• **What to produce**:
Every line holding the word "with" should be copied from the material.

──────────────────────────────

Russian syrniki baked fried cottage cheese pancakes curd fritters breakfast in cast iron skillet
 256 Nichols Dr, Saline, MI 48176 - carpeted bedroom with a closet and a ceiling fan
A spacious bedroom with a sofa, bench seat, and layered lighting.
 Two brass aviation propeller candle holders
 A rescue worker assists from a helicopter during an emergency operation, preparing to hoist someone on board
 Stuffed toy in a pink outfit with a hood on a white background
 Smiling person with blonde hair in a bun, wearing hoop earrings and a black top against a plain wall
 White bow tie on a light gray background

──────────────────────────────

• **Response for this exercise**:
 256 Nichols Dr, Saline, MI 48176 - carpeted bedroom with a closet and a ceiling fan
A spacious bedroom with a sofa, bench seat, and layered lighting.
 Stuffed toy in a pink outfit with a hood on a white background
 Smiling person with blonde hair in a bun, wearing hoop earrings and a black top against a plain wall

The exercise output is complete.